Keep every word of the listing and drop the images when you write it out.

* DATASET SECTION:
■ ■ ■ ■ ■ ■ ■

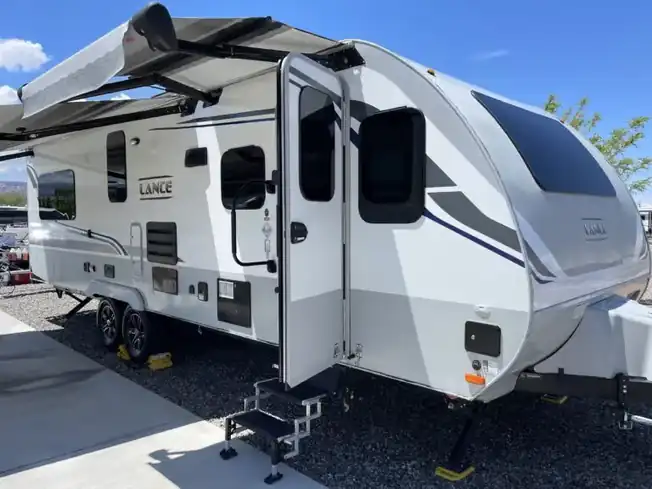 Travel Trailer Washing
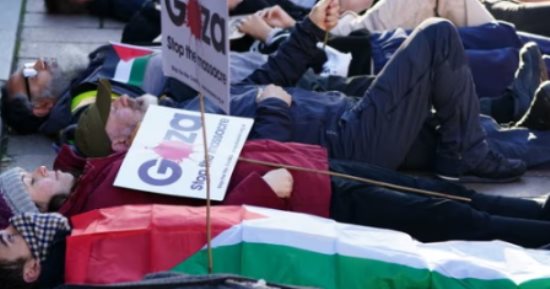 مسيرات دعم فلسطين تتواصل فى كبرى المدن العالمية للأسبوع الخامس.. عشرات الآلاف فى لندن يطالبون بوقف إطلاق النار فى غزة.. وسوزان ساراندون تشارك فى احتجاجات نيويورك.. ومتظاهرون يرفعون الأعلام بميناء سيدنى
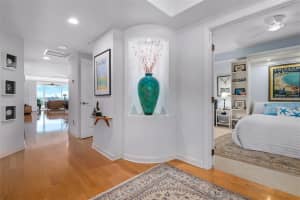 1260 Dolphin Bay Way, Siesta Key, FL 34242, Sold 10/22/21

■ ■ ■ ■ ■ ■ ■

* RESULT:
 Travel Trailer Washing
 مسيرات دعم فلسطين تتواصل فى كبرى المدن العالمية للأسبوع الخامس.. عشرات الآلاف فى لندن يطالبون بوقف إطلاق النار فى غزة.. وسوزان ساراندون تشارك فى احتجاجات نيويورك.. ومتظاهرون يرفعون الأعلام بميناء سيدنى
 1260 Dolphin Bay Way, Siesta Key, FL 34242, Sold 10/22/21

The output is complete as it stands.